II. L’ordonnance du 20 septembre 2017 est annulée en tant qu’elle concerne l’infraction à la Loi sur la concurrence déloyale et le dossier de la cause est renvoyé au Ministère public de l’arrondissement de Lausanne pour qu’il procède dans le sens des considérants.

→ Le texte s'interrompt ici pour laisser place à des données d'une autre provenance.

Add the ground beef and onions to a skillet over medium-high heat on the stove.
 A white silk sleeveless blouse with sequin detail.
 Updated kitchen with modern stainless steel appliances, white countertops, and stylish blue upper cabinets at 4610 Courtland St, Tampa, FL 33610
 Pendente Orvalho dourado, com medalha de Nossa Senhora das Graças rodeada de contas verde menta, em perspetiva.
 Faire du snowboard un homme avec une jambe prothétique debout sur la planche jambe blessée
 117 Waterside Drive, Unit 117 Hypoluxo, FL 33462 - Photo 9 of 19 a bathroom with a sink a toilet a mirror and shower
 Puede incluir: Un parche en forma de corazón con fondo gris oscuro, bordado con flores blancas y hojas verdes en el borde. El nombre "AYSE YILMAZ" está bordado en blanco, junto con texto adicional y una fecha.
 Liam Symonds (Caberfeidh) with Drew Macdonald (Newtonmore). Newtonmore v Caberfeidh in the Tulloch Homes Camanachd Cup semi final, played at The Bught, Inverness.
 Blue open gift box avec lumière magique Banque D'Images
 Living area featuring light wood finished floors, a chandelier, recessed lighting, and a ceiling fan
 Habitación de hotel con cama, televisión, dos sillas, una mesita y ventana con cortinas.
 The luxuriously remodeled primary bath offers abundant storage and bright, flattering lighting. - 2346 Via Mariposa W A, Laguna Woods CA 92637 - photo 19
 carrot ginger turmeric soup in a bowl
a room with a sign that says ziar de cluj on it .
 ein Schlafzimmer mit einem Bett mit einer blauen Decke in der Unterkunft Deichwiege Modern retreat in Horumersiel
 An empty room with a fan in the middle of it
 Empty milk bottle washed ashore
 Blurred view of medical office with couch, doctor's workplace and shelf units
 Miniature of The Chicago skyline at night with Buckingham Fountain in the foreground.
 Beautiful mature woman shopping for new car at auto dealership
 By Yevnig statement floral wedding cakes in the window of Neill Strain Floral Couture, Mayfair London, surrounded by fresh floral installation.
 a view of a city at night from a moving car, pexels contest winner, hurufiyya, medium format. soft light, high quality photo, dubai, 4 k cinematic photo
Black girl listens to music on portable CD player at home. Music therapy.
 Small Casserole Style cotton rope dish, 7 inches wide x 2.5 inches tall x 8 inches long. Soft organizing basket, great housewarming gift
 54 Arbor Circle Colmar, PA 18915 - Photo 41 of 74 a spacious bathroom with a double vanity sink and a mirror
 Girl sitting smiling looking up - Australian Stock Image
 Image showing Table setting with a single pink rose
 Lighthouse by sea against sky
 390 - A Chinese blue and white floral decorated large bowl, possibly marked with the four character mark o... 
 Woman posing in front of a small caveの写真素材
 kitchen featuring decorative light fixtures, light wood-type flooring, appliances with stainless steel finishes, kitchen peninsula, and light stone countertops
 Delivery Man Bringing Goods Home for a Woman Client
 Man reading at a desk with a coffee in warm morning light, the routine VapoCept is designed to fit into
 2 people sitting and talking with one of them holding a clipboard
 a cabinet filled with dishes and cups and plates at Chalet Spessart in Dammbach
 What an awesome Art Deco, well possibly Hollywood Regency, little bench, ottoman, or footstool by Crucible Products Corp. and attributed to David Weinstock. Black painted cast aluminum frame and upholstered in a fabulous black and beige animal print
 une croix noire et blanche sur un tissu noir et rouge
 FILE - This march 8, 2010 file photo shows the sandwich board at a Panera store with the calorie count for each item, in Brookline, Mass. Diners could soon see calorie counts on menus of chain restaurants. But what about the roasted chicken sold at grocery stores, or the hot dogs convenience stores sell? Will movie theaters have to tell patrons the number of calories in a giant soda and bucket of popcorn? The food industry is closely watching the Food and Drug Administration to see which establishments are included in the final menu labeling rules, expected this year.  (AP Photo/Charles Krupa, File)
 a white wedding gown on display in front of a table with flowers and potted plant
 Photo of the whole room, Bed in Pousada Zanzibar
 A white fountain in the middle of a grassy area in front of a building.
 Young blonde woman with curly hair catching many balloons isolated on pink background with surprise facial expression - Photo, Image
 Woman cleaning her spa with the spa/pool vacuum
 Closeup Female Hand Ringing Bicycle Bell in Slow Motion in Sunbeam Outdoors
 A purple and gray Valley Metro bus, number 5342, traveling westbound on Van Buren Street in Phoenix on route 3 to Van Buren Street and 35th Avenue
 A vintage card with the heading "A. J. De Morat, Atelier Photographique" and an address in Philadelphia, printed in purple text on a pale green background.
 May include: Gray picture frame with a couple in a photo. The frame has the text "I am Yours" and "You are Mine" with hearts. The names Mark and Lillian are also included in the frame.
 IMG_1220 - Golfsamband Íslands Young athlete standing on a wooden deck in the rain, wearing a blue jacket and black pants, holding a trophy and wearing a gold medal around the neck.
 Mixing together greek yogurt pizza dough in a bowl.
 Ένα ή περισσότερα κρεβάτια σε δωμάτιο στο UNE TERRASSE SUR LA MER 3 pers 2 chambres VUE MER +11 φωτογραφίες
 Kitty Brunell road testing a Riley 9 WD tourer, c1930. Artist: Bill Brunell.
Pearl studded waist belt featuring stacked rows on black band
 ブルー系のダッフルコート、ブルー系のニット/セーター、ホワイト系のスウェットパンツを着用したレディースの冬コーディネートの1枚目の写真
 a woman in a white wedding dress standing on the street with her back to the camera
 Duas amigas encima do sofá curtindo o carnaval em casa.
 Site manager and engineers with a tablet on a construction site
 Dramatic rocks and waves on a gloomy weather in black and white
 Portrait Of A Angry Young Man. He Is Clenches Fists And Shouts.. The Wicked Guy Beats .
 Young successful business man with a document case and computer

L’ordonnance est confirmée pour le surplus.
III. Les frais de la procédure de recours, par 990 fr. (neuf cent nonante francs), sont mis, par moitié, soit 495 fr. (quatre cent nonante-cinq francs), à la charge de l’D.________, le solde étant laissé à la charge de l’Etat.
IV. Une indemnité de 486 fr. (quatre cent huitante-six francs) est allouée à l’D.________ pour la procédure de recours, à la charge de l’Etat et est compensée avec les frais mis à sa charge au chiffre III ci-dessus.
V. L’arrêt est exécutoire.
Le président : La greffière :
Du
Ministère public central,
et communiqué à : ‑ Mme la Procureure de l’arrondissement de Lausanne,
par l’envoi de photocopies.
Le présent arrêt peut faire l'objet d'un recours en matière pénale devant le Tribunal fédéral au sens des art. 78 ss LTF (loi du 17 juin 2005 sur le Tribunal fédéral – RS 173.110). Ce recours doit être déposé devant le Tribunal fédéral dans les trente jours qui suivent la notification de l'expédition complète (art. 100 al. 1 LTF).